Records supplied:
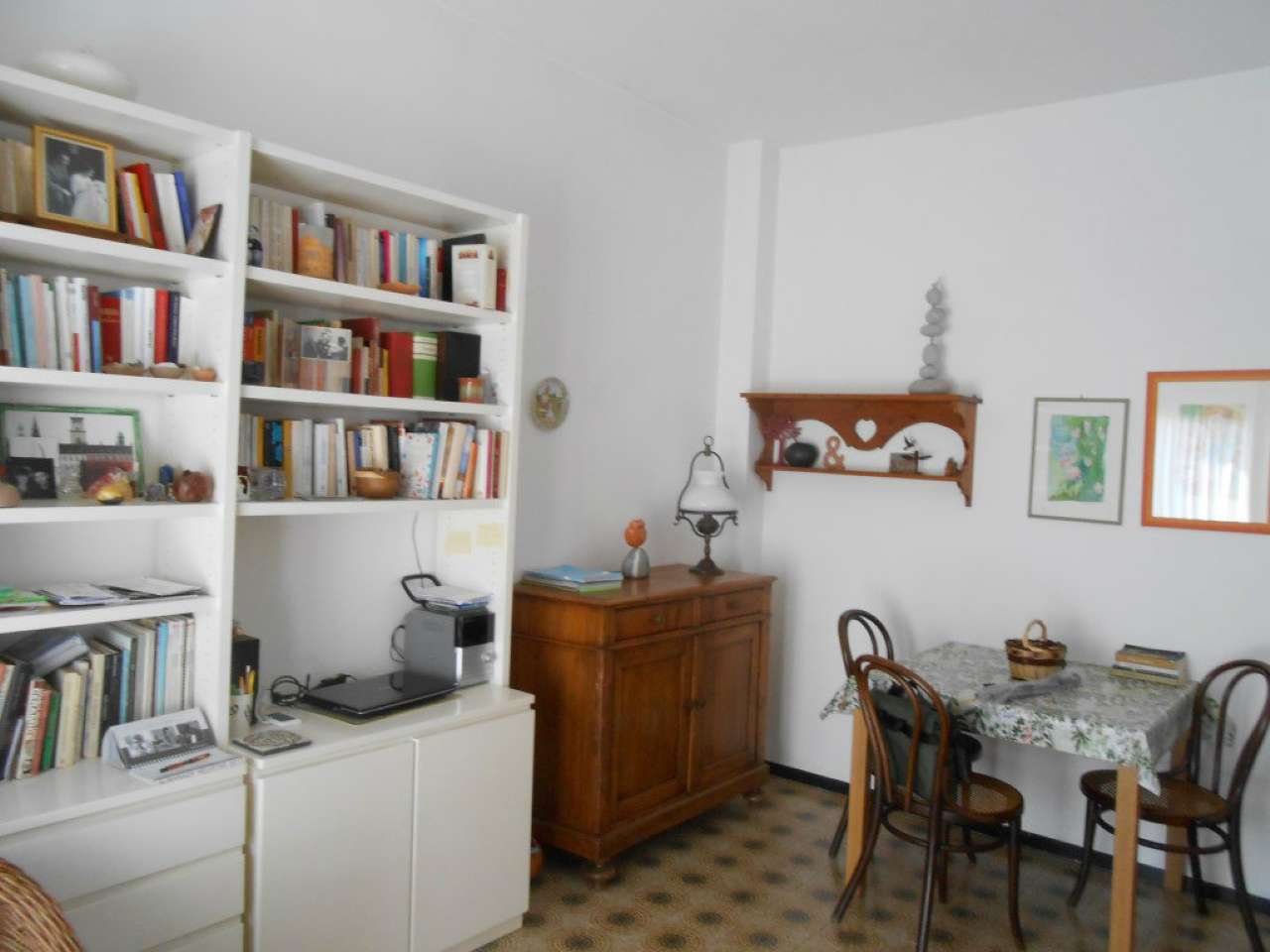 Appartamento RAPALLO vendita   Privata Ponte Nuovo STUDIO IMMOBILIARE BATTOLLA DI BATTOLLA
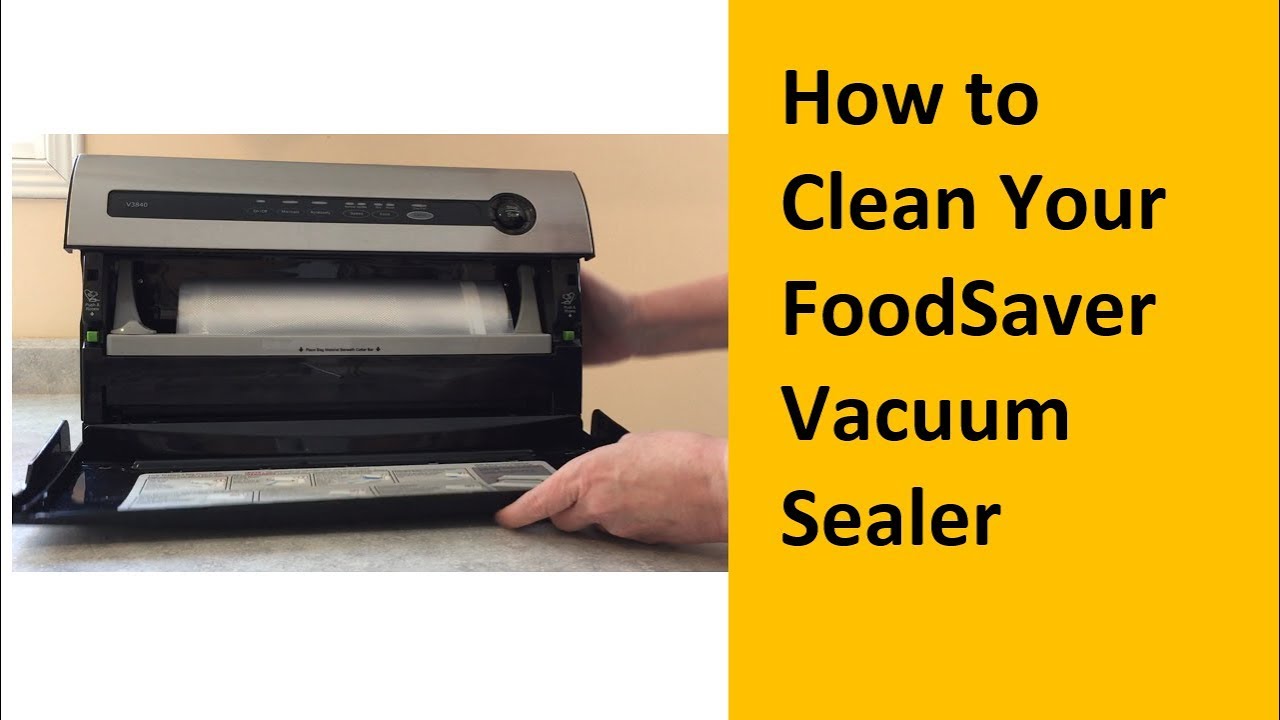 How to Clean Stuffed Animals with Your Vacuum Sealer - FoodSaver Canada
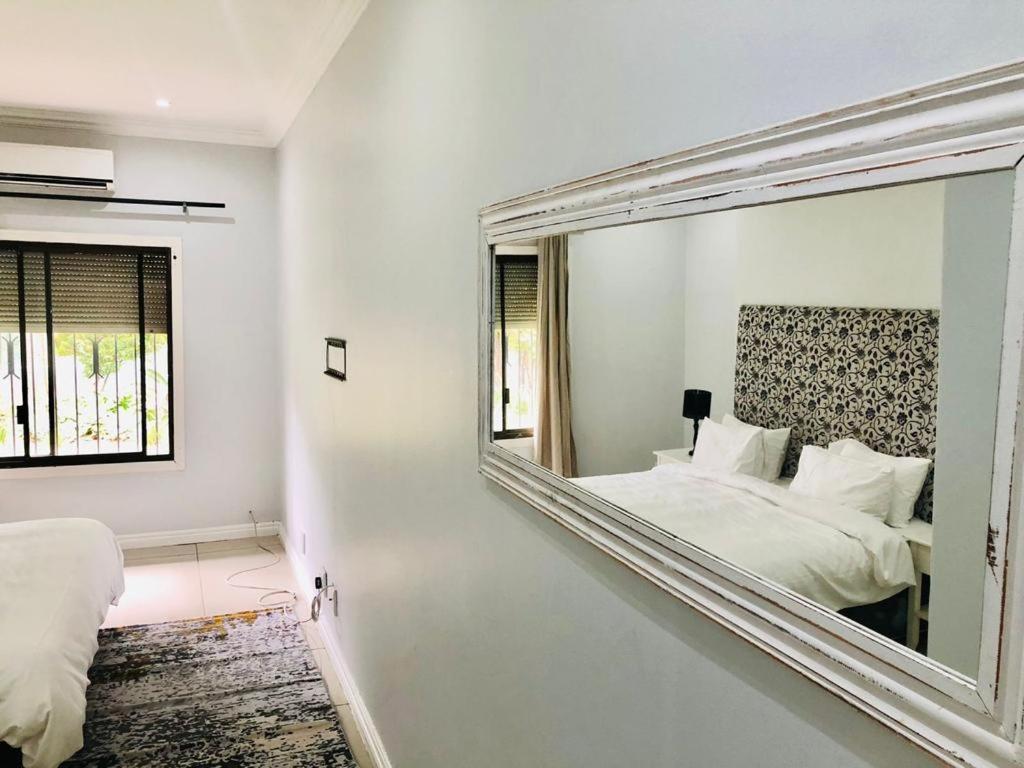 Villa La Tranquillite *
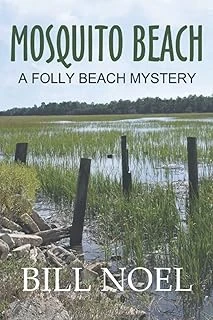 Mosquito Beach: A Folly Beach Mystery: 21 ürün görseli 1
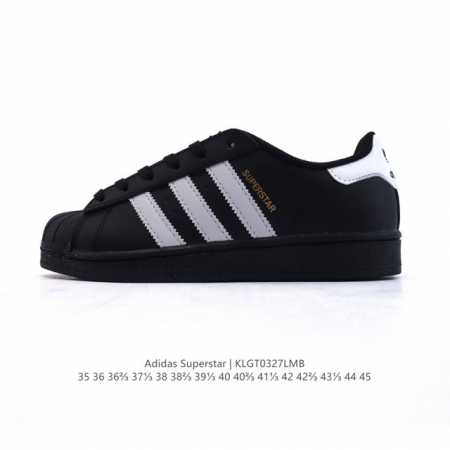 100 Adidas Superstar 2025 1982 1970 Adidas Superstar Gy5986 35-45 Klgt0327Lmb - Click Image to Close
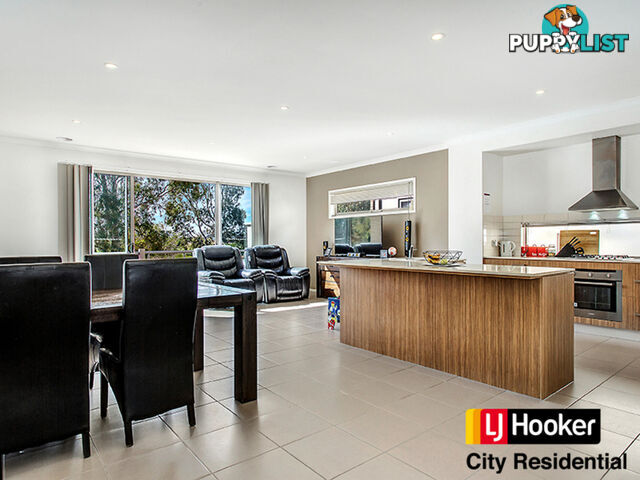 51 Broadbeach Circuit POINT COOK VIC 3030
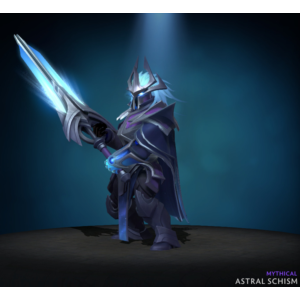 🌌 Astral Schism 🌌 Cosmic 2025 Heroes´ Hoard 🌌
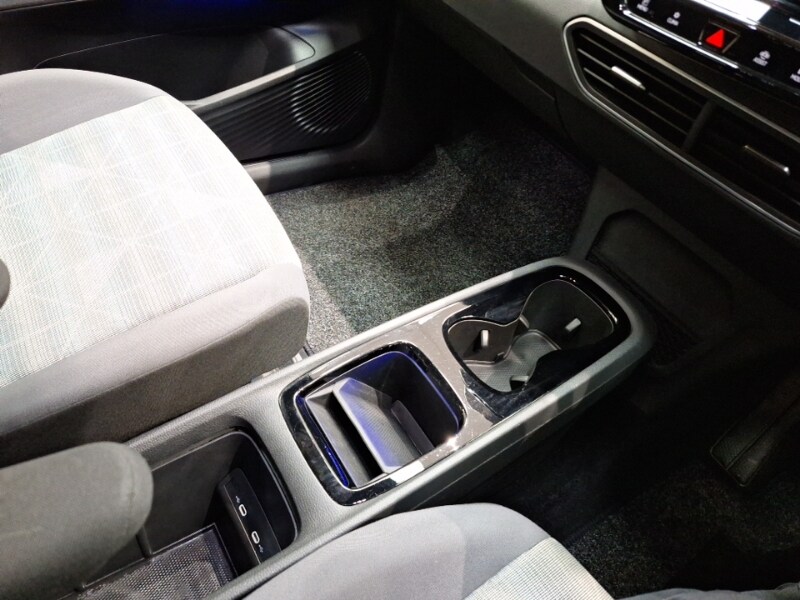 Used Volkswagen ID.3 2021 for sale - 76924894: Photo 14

* * *

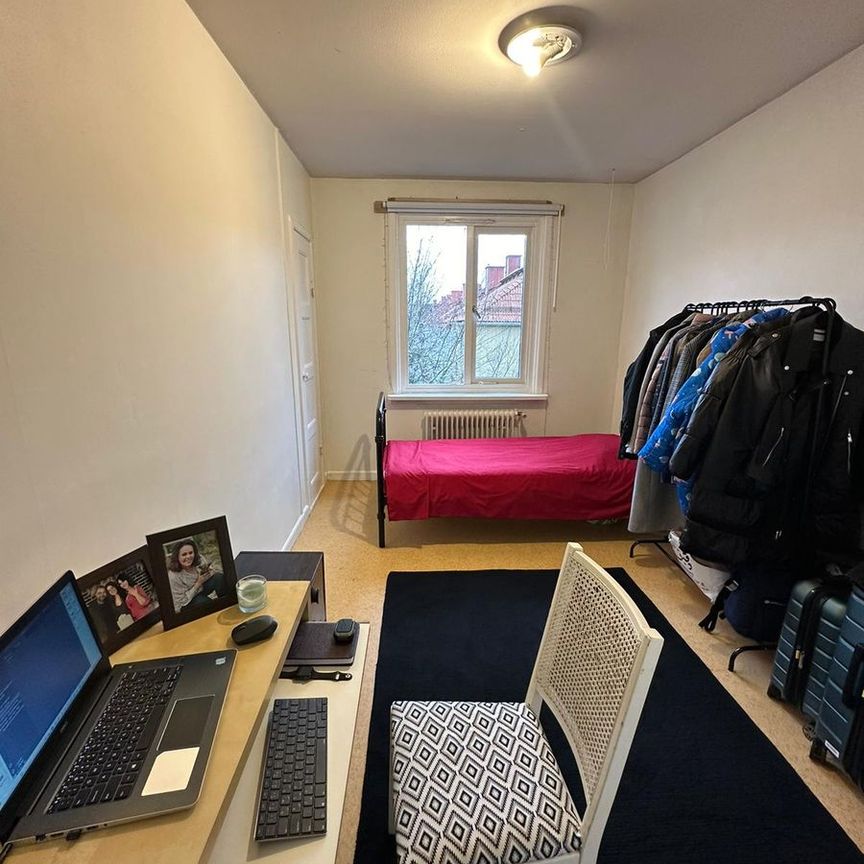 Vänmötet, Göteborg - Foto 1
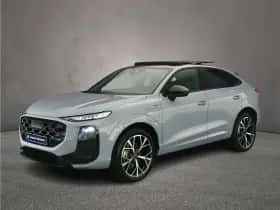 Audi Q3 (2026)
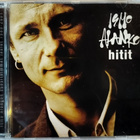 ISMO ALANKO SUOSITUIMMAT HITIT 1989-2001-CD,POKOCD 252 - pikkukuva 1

==

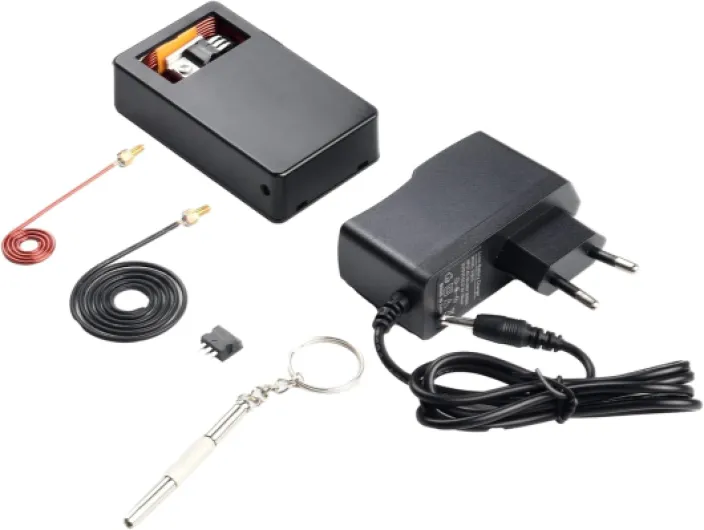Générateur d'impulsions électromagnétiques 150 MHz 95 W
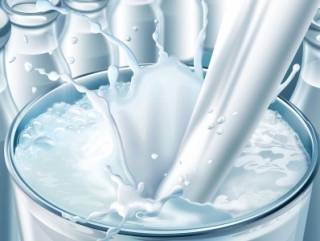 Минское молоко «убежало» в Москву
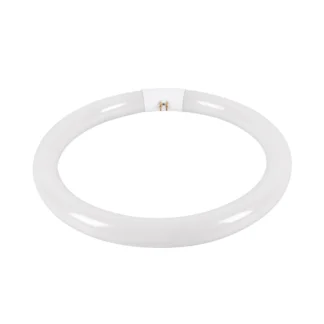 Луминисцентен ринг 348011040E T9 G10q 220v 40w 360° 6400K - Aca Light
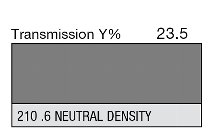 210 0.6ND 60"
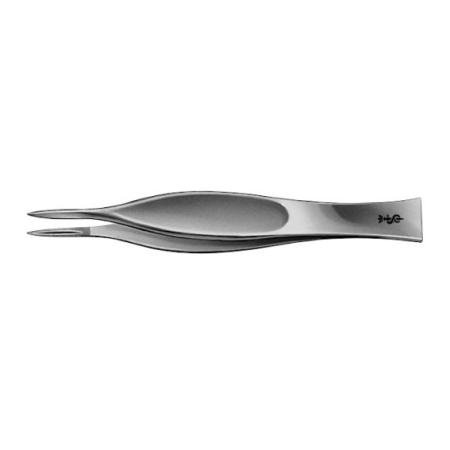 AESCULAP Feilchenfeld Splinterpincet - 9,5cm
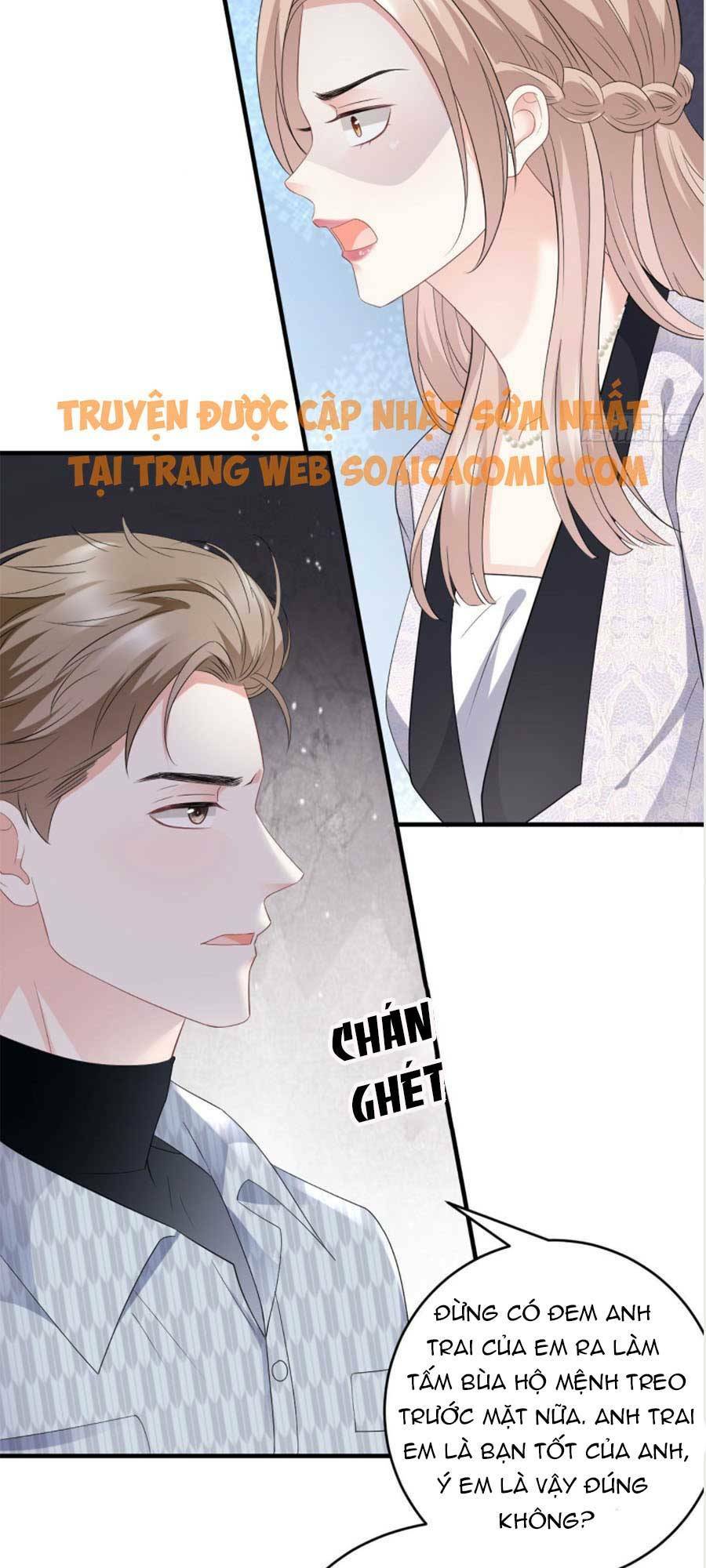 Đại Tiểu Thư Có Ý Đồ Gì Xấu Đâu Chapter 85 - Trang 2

Task details:
Beginning at the line above that contains "51 Broadbeach Circuit POINT COOK VIC 3030", repeat each line exactly through the one that contains "Used Volkswagen ID.3", and leave out the pictures.

Task answer:
 51 Broadbeach Circuit POINT COOK VIC 3030
 🌌 Astral Schism 🌌 Cosmic 2025 Heroes´ Hoard 🌌
 Used Volkswagen ID.3 2021 for sale - 76924894: Photo 14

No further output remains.